Ocean Waves, or I Can Hear The Sea (海がきこえる Umi ga kikoeru) is a made for TV film directed by Tomomi Mochizuki and produced by animation powerhouse Studio Ghibli.  Apparently it was based on a novel as well, but I have never read that, so I couldn't really attest to how the film version compares.  Either way, I love this film.  It actually comes in right behind Porco Rosso as my favorite Ghibli film, though it is very much unlike any other film they have made.  This makes sense though, as this film was meant to give the studio the chance to make a much cheaper production using their younger staff members (though it did go over budget and schedule).

The story take place mostly in Kōchi, and is told in a flashback of protagonist Taku Morisaki reminiscing over who he comes to realize was his first love, Rikako Muto, after seeing a familiar woman on a train platform in Tokyo.  It's a simple enough story, and it lacks much of magical realism or fantastical elements that Studio Ghibli is most notable for, but the maturity and subtlety of Ocean Waves is instantly apparent and one could find it's contemporary love story just as whimsical as a flying pig or a bathhouse populated by spirits.

Rikako is from Tokyo and desperately misses home, and manages to offend almost everyone in her new school (of which Taku attends), not the least by making fun of Taku's Kōchi dialect, saying that he sounds like he is in a Samurai movie, and it's this comparative approach that Rikako is taking that is the cause of her social stryfe.  She becomes ostracized from her fellow students by placing herself above them, and though she says she doesn't care what they think, there is still a real sense of isolation and lonliness in her that only adds to her poor attitude towards her peers, and one that Taku is obviously annoyed and angered by despite his willingness to help her with her many problems.
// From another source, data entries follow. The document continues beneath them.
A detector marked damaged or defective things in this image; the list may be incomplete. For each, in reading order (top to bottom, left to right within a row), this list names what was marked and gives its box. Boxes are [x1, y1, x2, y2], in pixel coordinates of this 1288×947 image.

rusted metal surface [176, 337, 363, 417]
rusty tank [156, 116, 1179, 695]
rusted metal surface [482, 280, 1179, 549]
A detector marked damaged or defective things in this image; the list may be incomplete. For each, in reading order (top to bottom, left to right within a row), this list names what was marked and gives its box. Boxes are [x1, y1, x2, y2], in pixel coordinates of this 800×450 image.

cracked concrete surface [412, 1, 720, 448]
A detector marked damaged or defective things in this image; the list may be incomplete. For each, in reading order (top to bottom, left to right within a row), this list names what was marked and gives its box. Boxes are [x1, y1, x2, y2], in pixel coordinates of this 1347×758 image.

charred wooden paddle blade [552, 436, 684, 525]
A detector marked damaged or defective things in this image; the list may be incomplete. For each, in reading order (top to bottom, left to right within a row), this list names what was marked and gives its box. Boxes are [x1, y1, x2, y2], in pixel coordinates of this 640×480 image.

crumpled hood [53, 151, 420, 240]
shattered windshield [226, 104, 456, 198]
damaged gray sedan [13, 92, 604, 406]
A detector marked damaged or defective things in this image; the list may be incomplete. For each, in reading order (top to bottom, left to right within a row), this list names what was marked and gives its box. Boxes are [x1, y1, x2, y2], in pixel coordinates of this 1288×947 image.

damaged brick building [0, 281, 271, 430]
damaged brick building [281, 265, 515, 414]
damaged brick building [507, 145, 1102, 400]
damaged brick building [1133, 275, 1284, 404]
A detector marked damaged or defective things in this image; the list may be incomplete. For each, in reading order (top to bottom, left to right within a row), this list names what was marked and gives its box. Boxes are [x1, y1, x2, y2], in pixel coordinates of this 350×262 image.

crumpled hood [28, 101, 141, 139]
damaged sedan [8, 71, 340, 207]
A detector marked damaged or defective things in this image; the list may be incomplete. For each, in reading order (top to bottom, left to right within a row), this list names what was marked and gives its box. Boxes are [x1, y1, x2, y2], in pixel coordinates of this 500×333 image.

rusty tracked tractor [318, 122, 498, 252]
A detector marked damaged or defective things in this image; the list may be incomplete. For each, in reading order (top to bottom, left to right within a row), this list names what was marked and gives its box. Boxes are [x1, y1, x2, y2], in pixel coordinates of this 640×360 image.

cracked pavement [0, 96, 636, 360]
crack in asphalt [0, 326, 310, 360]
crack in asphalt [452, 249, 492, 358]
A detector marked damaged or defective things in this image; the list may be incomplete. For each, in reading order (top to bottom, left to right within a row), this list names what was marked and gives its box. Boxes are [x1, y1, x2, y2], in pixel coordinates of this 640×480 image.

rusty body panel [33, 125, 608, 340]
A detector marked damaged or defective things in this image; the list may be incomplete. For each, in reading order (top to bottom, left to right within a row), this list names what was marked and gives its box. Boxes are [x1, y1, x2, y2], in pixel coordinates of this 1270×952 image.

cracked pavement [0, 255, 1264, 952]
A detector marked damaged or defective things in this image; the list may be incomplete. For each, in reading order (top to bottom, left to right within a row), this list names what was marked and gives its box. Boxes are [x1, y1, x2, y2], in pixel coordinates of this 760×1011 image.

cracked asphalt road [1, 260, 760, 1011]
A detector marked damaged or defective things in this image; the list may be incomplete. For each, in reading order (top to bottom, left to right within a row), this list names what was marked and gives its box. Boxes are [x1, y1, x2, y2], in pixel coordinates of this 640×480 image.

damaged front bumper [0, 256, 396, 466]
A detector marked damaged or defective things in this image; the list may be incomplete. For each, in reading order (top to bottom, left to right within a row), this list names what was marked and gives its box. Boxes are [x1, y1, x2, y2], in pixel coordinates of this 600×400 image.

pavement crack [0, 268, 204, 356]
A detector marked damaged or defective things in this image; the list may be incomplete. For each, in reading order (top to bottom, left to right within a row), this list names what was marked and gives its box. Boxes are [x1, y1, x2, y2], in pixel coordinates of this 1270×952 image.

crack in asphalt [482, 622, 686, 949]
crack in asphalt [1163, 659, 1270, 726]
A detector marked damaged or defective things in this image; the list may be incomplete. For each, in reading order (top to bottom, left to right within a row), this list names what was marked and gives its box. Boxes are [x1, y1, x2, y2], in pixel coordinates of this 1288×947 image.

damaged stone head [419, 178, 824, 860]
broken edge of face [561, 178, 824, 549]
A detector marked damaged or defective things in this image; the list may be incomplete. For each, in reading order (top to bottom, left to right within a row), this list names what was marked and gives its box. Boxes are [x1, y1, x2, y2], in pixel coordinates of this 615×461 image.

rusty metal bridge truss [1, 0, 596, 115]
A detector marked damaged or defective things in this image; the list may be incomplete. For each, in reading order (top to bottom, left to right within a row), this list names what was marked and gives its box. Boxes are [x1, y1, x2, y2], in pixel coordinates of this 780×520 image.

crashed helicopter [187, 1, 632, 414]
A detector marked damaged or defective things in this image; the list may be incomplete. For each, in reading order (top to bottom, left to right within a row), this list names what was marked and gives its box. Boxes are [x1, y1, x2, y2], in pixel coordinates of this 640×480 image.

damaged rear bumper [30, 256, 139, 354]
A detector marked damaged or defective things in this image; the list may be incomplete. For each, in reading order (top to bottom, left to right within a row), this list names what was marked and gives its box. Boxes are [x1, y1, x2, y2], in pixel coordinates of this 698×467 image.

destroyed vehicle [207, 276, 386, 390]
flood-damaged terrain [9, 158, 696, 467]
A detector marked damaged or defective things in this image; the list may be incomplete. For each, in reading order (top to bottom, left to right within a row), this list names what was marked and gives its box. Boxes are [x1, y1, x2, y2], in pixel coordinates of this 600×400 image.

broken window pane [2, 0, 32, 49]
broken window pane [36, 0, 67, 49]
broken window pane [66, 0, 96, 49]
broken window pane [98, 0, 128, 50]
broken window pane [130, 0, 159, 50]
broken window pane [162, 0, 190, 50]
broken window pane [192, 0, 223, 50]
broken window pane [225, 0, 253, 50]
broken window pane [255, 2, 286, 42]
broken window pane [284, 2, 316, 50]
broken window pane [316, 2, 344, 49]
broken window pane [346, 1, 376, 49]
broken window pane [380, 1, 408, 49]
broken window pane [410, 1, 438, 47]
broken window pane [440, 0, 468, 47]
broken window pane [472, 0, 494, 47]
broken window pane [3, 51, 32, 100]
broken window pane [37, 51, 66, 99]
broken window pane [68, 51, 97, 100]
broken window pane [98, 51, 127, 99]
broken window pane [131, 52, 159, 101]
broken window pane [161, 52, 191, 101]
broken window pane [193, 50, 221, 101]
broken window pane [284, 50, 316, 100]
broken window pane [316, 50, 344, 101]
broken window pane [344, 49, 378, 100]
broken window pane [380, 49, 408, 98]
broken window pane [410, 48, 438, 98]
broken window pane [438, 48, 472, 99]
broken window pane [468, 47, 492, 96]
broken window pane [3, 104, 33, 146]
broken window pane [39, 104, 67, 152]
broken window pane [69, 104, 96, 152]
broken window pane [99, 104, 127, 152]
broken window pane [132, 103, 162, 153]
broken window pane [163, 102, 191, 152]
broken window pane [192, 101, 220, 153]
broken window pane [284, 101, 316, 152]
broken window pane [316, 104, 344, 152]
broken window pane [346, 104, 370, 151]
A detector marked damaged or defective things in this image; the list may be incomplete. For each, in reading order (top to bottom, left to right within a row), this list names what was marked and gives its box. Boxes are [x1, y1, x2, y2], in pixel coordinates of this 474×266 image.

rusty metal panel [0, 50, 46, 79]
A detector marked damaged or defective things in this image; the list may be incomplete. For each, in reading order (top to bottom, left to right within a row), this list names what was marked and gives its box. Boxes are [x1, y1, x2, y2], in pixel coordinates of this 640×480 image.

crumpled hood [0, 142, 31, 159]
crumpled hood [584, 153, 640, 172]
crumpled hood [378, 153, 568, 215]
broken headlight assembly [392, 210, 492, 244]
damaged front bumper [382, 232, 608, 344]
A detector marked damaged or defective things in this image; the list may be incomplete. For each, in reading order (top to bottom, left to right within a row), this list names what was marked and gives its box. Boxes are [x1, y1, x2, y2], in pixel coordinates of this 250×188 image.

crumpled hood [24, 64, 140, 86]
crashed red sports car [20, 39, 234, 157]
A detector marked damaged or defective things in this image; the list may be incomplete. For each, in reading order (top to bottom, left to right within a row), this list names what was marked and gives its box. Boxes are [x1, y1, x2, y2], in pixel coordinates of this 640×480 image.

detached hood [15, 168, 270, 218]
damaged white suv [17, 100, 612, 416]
Ocean Waves manages to use it's brevity to it's advantage, as any conflict is easily ascertained and the surrounding emotion is related to the audience immediately.  This is an impressively relate-able film, and despite some moderate predictability, it manages to be engaging from very early on.  In fact, I think that it's that instant relate-ability and predictability that makes it compelling and engaging, and it feels more like you are actually the one reminiscing rather than watching the characters go through the motions; somehow the fact that it is animated actually helps with this, as there isn't the normal relationship that the viewer often builds with the actor playing the part who that viewer may have any preconceived opinions about.  The characters are simply that --characters.  They remain those roles forever, and their story as we know it ends with what we're presented in the film.
If you have ever liked a girl, you should watch this movie.